A surprising number of people have only the foggiest notion of what the late Aga Khan was really like. Probably it is because he was the victim of what surely must rate as the worst public relations blunder in history when he allowed his zealous and well-meaning followers to revive an old Oriental custom and weigh him against gold, diamonds and platinum to mark those respective anniversaries of his long reign. Because of these ostentatious affairs most people remember the Aga as a myopic and corpulent old character, wearing what looked like fancy lodge regalia, sitting on a scale while his followers lugged up precious stones or bullion to lift his bulk.
Actually, the Aga was an erudite, witty, worldly-wise but also—according to the tenets of his particular Islamic sect—deeply religious old gentleman. If for no other reason, he deserves some niche in history because he lived to be almost 80 and said he had never been bored in his life. The weighings gave rise to all sorts of fantastic tales about the Aga, including a particularly durable one that he bottled his bath water and sold it to his followers. It is almost forgotten that the Aga did yeoman service in the old League of Nations, served as its president in 1937 and for more than a half century carried out many delicate and difficult missions for the British in the Middle East and Asia.
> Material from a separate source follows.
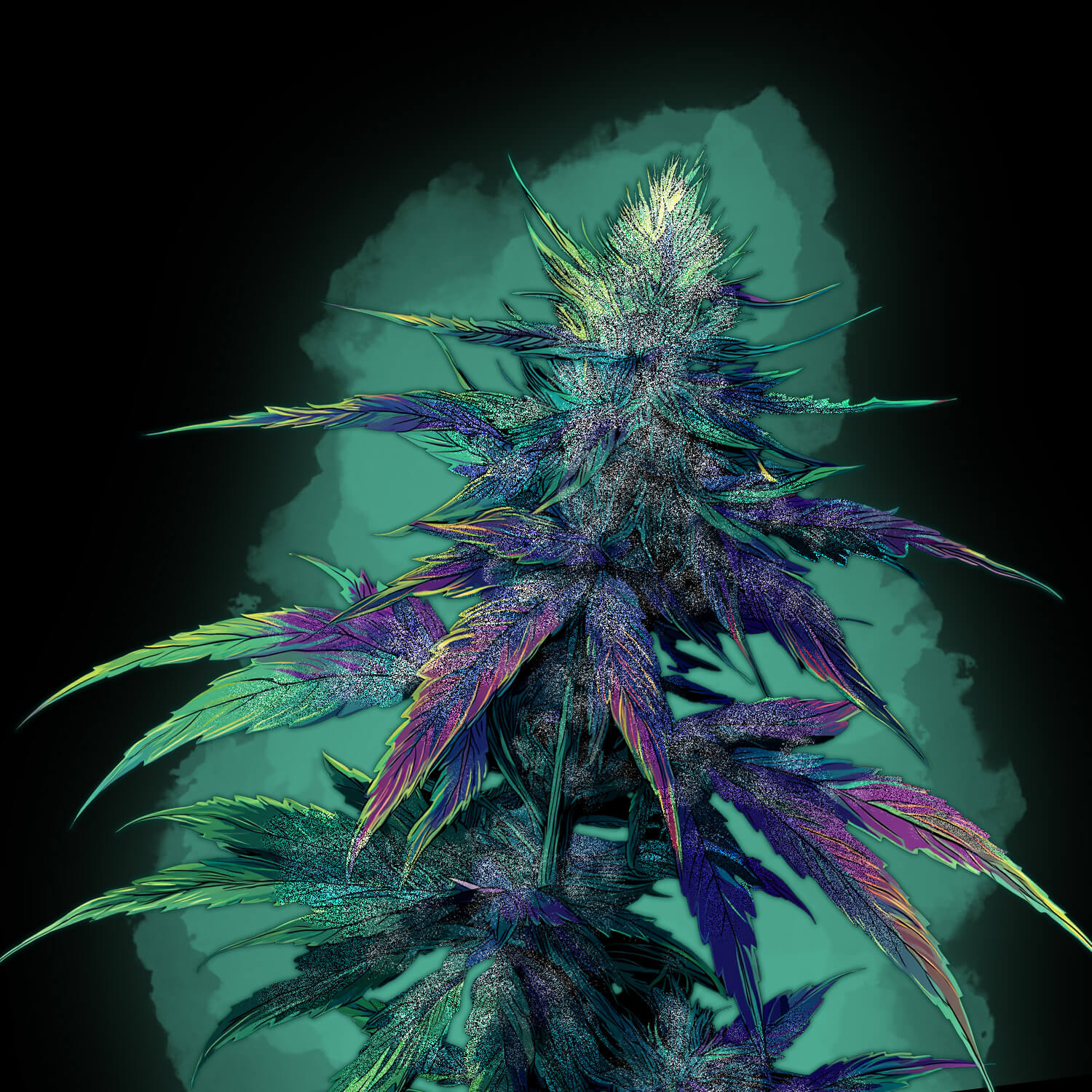 The Northern Lights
It was in large part because of his canny maneuvering that the countries of the Middle East remained loyal to the Allies in World War I.
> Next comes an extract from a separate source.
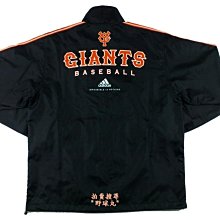 巨大 日治 全件 整檜板 檜木 藏物箱 檜木桌  . 皮殼超美 巨大尺寸 93 x 55 高 37 歷史價格詳細信息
The Aga also was something of a financial genius. He never considered, that his title of Imam meant merely that he was supposed to give spiritual counsel to his flock. He also looked after their well-being. It was by his edict that the Ismailis were the first Moslem sect to abolish the veil and free women from purdah. He established community funds which he invested with such shrewdness that today the Ismailis are the best-fed, best-housed and best-educated Moslem sect in the world. Even the ill-considered weighings served a purpose. The gold, diamonds and platinum used were only borrowed or hired. After the ceremony they were returned, and the equivalent in cash was paid, not to the Aga, but into various welfare and educational funds established to aid the Ismaili community as a whole. The Ismailis supported the Aga, of course, and he looked after his personal fortune as cleverly as he did theirs. Toward the end of his 71-year reign he had grown so enormously rich that he probably donated more to the Ismailis than he received.
The Aga married a cousin, a dark-eyed Indian princess named Shahzadi, when he was only 20. It was not a happy marriage, and they soon drifted apart. Eleven years later, by which, time the Aga had become a familiar figure in the capitals of Europe, he married Theresa Magliano, a slim, beautiful and brunette ballerina of the Ballet Opera of Monte Carlo. Begum Theresa was Italian, and although she was only 19 at the time of her marriage she already had won acclaim in the ballet at La Scala in Milan and at the Opera House in Paris. She was the mother of Aly Khan.
Aly was not his parents' first child. A year after their marriage the young begum had a son who was named Mohadi. He was a sickly baby and lived for only two years. It was a tragedy which had a profound effect on Aly's upbringing. It may, as some people believe, account for some of his actions today.